A technical performance measure is a formal, mathematical approach to forecasting and production management. Managers use a technical performance measure to gauge productivity, risks, constraints, accuracy, and technical benchmarks. It may be applied on an individual project basis, or used to measure an ongoing production system. A technical performance measure may also be referred to as a business performance measure.
Anything that contributes to the productive work, such as a person, an expertise, or a piece of equipment, is considered a resource. These elements are allocated and scheduled to achieve the synchronization of resources along a production or product development timeline. This is called leveling, because in the optimally efficient arrangement, each resource is level in conjunction with the other resources according to start and finish dates on a bar chart.
Resource load charts visually illustrate a technical performance measure along a timeline, illustrating which tasks are dependent upon others in order for the work to be completed properly. Tasks that have dependencies upon other tasks are often detailed in a Gantt chart, which uses horizontal lines to illustrate those dependencies. Pinning down variables and adjusting production to constraints are both part of a technical performance assessment.
A technical performance measure may involve a multivariate or combinatorial analysis. Both measurements assess the impact of multiple variables in a production scheme. Combinatorial considers the dynamics of groups of people and processes interacting in an endeavor. A Multivariate analysis looks at each variable individually.
A company plans to design a prototype, and then to take that prototype into mass production. A design engineer may work as part of a team that would include a product designer, a researcher, and a quality control manager. This is an illustration of how technical performance measures might operate in a work setting.

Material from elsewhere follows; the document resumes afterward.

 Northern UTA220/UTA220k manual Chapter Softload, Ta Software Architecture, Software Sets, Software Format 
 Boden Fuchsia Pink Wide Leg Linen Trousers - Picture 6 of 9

At various stages of the process, an aspect of the designer's work would be dependent upon the researcher, and the quality control manager's work would be dependent upon the designer. A Gantt chart may show that one member of the dependent threesome on average is idle 20 percent of the time while waiting on another team member to complete a task. By applying statistical analysis to the dependencies, a manager can make adjustments and level the workload or scheduling to eliminate idle time.
When changes occur in product design, personnel, or equipment due to constraints, a technical performance measure would look at the risk the change creates. In a technical performance measuring system, costs, productivity and scheduling are assigned a measure of weight that corresponds to how many resources those factors respectively consume. In order to optimize technical performance, a manager would assign weight to each factor. Combinatorial, or multivariate measures can then be used to reassign more or less weight to each factor in the process.